:: Stored data ::
______________________________

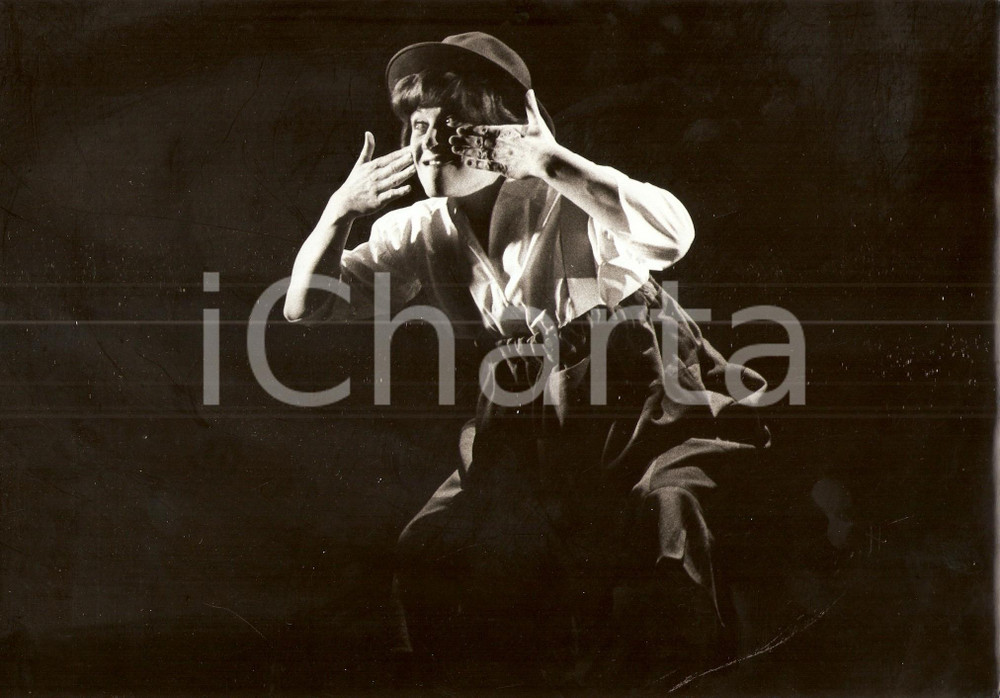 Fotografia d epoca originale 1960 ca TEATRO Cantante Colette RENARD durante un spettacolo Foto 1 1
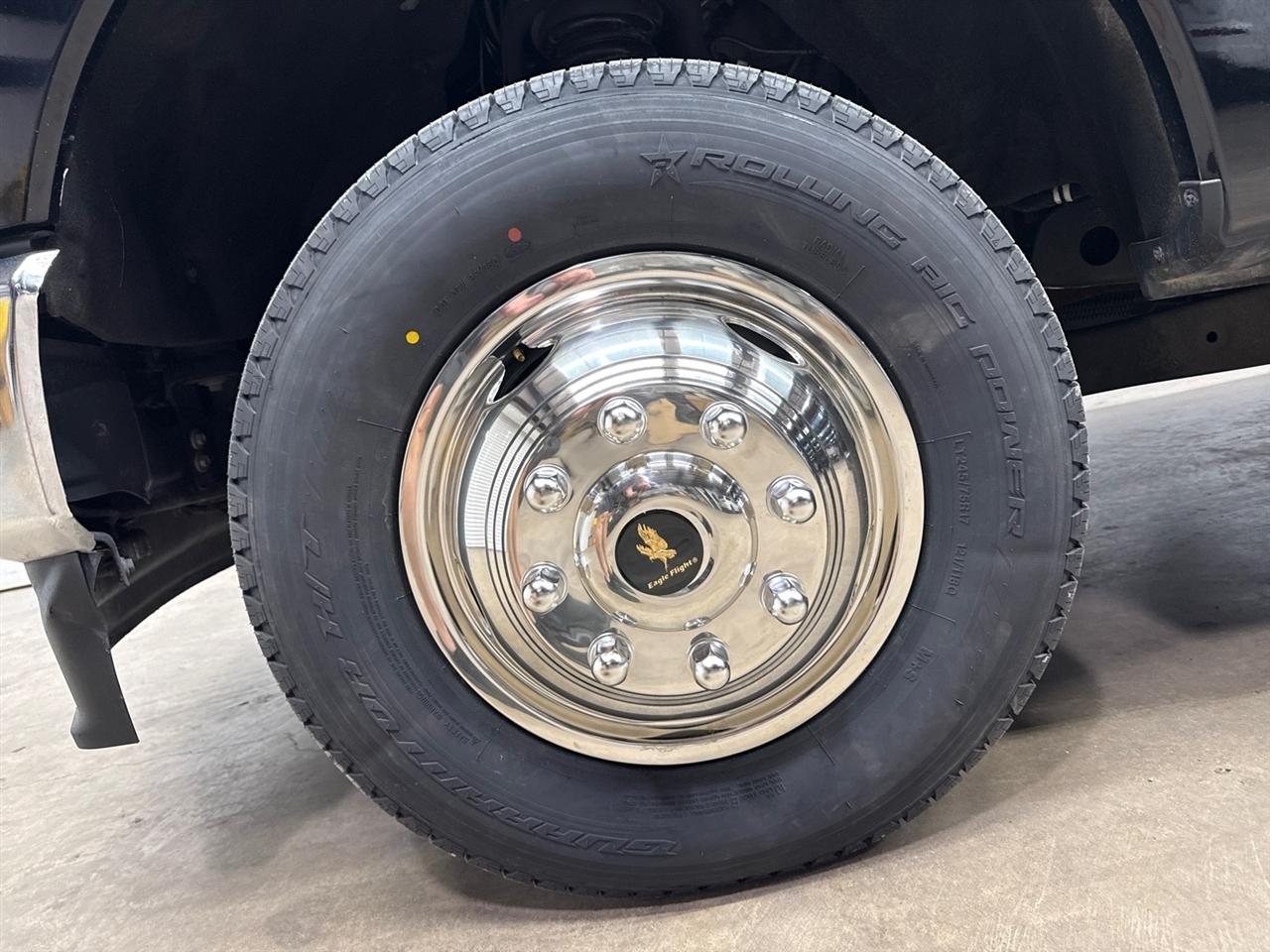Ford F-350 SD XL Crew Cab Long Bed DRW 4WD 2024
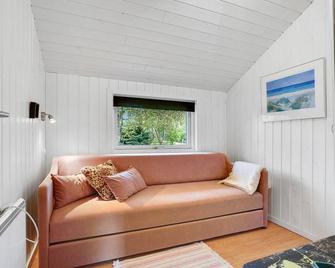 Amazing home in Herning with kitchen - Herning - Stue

______________________________

:: Your assignment ::
Print the stretch of the data from the line with "Ford F-350 SD" through its last line, exactly and with both ends kept. Omit pictures.

:: Expected answer ::
Ford F-350 SD XL Crew Cab Long Bed DRW 4WD 2024
 Amazing home in Herning with kitchen - Herning - Stue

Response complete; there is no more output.